I have an agent who says that Macmillan (one of the “Big 5” Publishers in English) wants to publish my first book. In a way I feel duplicitous because I have already published with Urlink.pub. However, I guess I am going to fight for the bigger publishing house on the Darwinian premise that the survival of the fittest is what all of us strive for. I don’t mean that I value ruthlessness, only that though I may give Urlink.pub a stipend, I am going on to greener pastures… Someday I hope to write a novel of the problems of publishing The Small Press. However, until I do, I must content to try to climb into the hoped-for higher realms of publication. It is what I have dreamed of my entire life.
All of this has cost money, but I believe I am not being cheated. I have no “connections” and the publishing business runs on the grease of “it’s-not-what-you-wrote-but-who-you-know.” If Dickens or Twain had lived today, he would have the same struggles that I do. Publishers routinely tell you in rejection letters that they may have nothing against either your writing style or what you said, except that “we don’t believe it can sell.” And they hate to take risks on first time authors. If they have a choice, they would rather sell Stephen King or Danielle Steele, because mere name recognition will sell those books. I don’t mean to give into standard writer’s gripes, but these are mine.
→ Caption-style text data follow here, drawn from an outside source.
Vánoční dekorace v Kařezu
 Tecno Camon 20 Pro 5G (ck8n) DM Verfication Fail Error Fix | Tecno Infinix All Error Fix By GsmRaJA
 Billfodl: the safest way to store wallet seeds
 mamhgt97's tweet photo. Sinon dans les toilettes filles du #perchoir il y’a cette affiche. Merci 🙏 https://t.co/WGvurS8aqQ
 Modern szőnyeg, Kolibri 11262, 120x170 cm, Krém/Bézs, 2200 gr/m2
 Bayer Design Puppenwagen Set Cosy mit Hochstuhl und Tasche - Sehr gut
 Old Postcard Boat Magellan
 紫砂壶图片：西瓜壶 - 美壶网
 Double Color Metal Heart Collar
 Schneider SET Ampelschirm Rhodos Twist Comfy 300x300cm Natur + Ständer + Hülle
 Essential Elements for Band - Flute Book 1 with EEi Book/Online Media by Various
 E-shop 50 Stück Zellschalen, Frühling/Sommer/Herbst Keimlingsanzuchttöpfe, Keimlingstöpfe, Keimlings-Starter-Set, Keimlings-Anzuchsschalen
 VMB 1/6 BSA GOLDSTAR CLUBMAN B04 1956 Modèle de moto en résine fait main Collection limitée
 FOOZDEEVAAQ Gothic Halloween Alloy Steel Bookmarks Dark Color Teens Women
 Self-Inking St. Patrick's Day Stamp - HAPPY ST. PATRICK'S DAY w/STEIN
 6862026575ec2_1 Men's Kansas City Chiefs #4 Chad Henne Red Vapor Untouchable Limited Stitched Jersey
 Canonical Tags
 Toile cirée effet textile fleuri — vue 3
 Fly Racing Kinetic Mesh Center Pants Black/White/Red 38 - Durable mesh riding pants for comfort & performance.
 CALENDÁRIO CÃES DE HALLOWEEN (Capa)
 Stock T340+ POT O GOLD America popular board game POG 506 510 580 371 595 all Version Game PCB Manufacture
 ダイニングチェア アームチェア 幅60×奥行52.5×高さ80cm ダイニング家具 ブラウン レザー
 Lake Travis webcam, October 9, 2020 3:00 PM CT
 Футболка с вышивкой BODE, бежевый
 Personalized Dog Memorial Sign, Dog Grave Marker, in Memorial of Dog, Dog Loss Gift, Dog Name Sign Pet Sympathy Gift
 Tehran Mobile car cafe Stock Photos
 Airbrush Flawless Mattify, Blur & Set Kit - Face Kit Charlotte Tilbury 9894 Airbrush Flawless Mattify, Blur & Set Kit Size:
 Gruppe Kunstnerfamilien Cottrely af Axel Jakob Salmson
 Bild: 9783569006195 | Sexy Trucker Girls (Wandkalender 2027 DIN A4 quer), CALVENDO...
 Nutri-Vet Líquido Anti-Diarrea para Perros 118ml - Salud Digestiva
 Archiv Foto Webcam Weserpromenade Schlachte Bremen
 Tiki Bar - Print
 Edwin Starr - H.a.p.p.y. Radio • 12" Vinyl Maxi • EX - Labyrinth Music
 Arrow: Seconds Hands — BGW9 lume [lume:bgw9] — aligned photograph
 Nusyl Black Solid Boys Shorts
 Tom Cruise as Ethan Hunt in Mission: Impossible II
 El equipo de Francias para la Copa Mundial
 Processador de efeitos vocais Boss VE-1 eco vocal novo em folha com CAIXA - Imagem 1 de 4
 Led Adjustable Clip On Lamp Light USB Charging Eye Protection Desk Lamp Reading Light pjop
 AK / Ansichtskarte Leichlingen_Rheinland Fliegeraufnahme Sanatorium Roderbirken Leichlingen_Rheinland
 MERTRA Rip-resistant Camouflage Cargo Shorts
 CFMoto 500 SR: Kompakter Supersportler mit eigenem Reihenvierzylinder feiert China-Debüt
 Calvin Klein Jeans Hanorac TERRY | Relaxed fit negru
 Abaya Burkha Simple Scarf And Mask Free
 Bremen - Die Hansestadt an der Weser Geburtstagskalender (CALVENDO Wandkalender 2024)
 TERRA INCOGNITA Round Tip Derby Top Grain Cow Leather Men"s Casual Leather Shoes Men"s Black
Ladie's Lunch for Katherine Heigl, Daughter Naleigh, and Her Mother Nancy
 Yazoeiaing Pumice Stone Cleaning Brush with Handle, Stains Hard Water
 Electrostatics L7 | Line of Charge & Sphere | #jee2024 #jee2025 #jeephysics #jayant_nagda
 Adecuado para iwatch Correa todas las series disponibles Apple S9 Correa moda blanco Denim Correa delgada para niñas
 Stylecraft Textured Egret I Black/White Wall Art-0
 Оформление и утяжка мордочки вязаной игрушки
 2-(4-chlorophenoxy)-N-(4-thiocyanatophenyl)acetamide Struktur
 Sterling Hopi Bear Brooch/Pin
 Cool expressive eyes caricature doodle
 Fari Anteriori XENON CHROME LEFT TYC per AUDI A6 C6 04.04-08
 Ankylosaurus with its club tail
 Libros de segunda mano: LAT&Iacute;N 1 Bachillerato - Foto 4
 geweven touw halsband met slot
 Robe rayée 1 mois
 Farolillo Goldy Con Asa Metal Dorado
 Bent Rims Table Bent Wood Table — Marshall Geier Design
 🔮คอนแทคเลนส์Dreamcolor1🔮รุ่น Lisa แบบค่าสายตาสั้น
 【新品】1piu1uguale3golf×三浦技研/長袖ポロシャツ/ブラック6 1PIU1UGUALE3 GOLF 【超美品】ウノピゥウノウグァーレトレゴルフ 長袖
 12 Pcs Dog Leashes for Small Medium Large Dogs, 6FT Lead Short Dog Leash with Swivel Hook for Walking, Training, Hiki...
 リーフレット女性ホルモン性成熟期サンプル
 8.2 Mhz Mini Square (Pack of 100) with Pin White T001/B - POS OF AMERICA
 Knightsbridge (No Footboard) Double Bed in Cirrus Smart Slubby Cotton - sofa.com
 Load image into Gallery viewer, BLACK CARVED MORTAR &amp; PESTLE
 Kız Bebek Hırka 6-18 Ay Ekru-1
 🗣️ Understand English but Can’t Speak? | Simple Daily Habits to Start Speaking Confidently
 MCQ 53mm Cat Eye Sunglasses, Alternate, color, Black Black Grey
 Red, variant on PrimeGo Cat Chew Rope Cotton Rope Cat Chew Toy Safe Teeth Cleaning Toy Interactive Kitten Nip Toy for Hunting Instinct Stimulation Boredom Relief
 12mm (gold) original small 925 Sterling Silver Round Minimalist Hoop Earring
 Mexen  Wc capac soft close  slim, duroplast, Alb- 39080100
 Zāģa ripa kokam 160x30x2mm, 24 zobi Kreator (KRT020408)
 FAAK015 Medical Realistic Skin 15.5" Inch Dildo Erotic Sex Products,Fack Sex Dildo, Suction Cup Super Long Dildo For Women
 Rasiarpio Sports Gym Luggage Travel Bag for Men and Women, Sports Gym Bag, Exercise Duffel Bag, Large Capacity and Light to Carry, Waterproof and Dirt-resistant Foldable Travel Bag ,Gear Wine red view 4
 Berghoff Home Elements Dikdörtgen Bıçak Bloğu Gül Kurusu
I have known poets (who will remain nameless) who are such pessimists about their work being picked up by a big publisher that they make me look like optimism itself. They say that they write “as a labor of love.” Despite their occasional despair, I look at them as my heroes: they work on even when their hopes are down of ever getting recognition outside of the small circles in which they work. However–and despite some of them having helped me with things like editing my books–I am relieved that I am now approaching having a larger audience.
The book Macmillan is going to take on–God willing–is The Bible According to Eve: Women of the Torah. I simply hope and pray that it will end on the best seller lists. I know it is crass to pay for money, but I hope God will understand: not only did I write Poor Folk, I almost am one right now. I live largely at my mom’s expense as I type.